In this case, the client may want to download an image, but does not wish to report progress on it.

Let me know if I can help clarify anything further! :)

I'm happy to see this proposed. I've worked with Foundation.Progress quite a bit. The API design here regarding getting a child progress via .assign(count:) will hopefully clear up many misconceptions.

There is one use case that might be addressed here, but it's not clear to me. Sometimes I'd like to show the progress of a subset of the work. For example, an app may be syncing down 100s of photos across a variety of documents. If the user selects one particular document, though, we'd like to show the progress for syncing down just the photos in that document. But we also want to be able to show the overall progress for syncing everything.

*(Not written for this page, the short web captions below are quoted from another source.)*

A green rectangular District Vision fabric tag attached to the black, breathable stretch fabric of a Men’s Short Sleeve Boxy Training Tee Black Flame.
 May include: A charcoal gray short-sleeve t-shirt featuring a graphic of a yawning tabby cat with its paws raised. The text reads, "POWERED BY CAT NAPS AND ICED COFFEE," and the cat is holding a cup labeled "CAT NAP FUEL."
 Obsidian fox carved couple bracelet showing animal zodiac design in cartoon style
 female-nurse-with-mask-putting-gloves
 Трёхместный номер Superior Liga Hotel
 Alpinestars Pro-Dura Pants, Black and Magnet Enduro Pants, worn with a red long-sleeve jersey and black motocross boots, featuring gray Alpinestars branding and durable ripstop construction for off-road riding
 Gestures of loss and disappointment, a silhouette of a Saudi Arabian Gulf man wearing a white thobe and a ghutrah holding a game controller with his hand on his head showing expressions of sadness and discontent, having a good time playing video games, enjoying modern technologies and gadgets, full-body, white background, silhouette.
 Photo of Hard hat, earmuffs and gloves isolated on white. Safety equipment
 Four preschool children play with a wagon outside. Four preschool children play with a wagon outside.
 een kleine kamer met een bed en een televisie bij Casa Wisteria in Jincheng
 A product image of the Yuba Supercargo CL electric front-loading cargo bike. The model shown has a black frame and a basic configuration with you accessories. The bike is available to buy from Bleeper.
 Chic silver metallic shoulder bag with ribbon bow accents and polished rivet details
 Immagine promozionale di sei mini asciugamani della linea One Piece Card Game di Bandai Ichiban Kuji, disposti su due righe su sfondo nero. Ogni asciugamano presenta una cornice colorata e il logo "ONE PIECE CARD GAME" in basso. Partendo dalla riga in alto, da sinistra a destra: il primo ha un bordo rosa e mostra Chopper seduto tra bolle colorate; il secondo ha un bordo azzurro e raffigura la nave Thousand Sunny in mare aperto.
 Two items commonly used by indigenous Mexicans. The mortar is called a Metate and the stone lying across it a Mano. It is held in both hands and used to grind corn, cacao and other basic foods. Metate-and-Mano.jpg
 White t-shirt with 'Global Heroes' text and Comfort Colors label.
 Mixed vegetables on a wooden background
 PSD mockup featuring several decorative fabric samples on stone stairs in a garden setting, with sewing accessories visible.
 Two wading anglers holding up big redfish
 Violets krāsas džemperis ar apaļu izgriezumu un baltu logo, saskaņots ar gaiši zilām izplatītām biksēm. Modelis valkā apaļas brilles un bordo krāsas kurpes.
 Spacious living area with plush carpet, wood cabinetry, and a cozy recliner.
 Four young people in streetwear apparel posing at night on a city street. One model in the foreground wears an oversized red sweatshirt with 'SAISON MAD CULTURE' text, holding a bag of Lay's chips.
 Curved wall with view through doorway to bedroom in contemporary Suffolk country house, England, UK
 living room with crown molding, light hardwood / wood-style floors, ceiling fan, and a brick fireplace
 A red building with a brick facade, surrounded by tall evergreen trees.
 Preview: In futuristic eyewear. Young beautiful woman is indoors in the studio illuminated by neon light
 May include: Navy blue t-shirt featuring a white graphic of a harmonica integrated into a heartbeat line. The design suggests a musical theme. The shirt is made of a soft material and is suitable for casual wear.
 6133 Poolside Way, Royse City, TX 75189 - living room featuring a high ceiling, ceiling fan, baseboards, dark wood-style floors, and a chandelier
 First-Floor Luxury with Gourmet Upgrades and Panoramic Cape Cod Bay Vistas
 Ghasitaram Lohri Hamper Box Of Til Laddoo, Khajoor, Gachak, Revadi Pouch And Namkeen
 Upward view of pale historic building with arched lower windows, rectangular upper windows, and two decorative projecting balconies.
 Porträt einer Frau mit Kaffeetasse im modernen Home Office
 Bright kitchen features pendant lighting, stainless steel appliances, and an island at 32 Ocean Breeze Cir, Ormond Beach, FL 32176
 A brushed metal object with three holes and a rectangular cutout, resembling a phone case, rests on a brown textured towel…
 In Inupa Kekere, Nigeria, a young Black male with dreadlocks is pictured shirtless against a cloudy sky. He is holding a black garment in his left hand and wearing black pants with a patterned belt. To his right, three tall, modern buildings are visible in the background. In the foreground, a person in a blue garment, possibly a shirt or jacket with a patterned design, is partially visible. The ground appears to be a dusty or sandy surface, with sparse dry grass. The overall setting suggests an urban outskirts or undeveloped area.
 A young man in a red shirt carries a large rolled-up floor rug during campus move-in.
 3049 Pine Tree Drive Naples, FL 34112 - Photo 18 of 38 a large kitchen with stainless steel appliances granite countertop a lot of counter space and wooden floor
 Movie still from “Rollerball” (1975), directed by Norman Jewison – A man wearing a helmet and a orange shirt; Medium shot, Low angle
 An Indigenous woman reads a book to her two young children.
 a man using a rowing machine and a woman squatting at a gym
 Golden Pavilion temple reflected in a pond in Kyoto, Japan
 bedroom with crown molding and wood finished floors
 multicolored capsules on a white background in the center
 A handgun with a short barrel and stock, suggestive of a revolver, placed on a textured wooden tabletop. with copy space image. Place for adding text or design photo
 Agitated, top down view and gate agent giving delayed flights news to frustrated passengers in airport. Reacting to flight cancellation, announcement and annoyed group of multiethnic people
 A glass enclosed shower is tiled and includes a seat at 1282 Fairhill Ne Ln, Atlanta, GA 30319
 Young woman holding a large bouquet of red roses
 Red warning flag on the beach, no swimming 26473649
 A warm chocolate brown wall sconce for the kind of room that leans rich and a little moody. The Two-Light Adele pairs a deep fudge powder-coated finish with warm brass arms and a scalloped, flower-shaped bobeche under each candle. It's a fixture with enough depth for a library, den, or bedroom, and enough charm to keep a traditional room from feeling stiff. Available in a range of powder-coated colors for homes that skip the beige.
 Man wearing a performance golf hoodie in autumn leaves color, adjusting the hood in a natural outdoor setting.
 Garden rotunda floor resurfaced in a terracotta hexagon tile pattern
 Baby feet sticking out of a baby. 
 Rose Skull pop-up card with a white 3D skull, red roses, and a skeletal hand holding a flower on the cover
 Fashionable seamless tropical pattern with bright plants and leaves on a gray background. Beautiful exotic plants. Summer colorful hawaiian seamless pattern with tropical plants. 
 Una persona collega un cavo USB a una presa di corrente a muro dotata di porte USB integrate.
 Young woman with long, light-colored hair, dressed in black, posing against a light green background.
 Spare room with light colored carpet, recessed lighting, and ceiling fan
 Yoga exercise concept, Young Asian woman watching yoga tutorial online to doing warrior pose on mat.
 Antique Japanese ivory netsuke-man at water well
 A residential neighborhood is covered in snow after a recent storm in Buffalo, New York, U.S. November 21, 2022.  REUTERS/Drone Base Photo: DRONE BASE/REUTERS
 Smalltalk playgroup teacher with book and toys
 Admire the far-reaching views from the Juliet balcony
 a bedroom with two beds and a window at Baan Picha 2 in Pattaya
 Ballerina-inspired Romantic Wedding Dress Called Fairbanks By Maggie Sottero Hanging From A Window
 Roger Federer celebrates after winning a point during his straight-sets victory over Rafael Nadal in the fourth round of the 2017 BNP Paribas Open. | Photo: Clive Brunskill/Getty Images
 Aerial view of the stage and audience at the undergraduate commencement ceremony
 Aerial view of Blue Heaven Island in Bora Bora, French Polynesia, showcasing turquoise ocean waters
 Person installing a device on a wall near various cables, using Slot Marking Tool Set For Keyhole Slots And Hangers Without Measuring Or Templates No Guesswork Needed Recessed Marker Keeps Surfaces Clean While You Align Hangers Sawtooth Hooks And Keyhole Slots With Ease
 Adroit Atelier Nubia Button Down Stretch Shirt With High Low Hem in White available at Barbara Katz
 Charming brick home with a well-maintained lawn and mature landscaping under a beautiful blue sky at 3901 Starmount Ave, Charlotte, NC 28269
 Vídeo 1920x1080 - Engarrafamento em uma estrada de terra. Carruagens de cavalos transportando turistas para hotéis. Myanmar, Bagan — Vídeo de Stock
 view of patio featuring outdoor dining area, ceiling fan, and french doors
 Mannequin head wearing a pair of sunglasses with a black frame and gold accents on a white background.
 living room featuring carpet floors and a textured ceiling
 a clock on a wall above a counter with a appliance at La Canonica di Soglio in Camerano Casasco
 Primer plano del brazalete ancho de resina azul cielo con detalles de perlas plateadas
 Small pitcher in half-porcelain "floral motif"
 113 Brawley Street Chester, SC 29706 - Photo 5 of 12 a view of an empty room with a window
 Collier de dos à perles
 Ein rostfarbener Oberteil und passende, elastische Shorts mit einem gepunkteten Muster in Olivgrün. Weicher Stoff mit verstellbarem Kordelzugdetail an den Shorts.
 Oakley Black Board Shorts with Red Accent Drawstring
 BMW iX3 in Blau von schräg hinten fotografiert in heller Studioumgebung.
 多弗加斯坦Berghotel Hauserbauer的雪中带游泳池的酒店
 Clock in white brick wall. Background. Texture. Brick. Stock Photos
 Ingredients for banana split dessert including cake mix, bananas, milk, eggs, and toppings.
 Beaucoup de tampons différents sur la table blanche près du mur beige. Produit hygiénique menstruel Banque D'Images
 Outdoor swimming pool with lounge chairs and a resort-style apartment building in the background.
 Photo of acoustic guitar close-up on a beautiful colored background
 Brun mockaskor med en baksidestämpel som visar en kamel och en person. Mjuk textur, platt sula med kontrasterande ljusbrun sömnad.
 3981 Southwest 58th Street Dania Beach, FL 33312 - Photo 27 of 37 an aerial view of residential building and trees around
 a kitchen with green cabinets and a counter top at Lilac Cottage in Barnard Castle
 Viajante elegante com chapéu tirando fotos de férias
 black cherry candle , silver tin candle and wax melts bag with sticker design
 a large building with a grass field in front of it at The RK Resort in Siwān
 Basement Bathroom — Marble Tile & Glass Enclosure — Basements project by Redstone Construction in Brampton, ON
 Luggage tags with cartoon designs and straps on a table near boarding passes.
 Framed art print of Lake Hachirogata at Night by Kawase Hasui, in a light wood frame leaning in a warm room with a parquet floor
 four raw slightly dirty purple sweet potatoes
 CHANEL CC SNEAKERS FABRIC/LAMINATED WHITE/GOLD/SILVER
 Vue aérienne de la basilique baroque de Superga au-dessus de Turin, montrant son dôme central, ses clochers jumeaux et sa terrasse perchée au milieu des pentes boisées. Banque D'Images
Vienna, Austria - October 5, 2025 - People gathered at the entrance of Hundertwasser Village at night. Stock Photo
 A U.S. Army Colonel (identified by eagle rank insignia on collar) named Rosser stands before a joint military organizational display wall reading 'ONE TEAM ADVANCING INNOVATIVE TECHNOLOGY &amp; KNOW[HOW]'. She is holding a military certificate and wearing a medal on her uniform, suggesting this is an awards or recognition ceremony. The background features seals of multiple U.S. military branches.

Currently, the progress tree we use looks something like this:

              [Overall progress]
                      |
        ----------------------------
        |        |        |        |
    [photo1]  [photo2] [photo3] [photo4]

However, it's not easy to make a separate Progress parent that just tracks the progress of photo3 and photo4. It would be nice if I could do something like this:

// These are already part of an existing parent, 'overallProgress'
let existingPhoto3Progress = self.progress(forID: "photo3")
let existingPhoto4Progress = self.progress(forID: "photo4")

// Would this work?
let subsetProgress = BasicProgressReporter(totalCount: 2)
subsetProgress.assign(count: 1, to: existingPhoto3Progress)
subsetProgress.assign(count: 1, to: existingPhoto4Progress)

Would that work? Currently, Foundation.Progress triggers an assertion if a progress is added as a child when it is already part of an existing tree.

To clarify, in this example, would existingPhoto3Progress and existingPhoto4Progress be of type Foundation.Progress?

Well, when I asked the question, I was thinking of reproducing this entire situation using the new proposed ProgressReporter mechanism, so no.

But I guess it would be interesting to know the answer to that question too.

Over a decade ago when NSProgress was first introduced, a friend and I found that it was fundamentally broken. We filed, I think, Radar 14462333 NSProgress - Fundamentally broken (child progress is over represented in parent). Neither of us seems to have access to this any more. We think it was never satisfactorily addressed, and neither of us have used NSProgress since its release because of it.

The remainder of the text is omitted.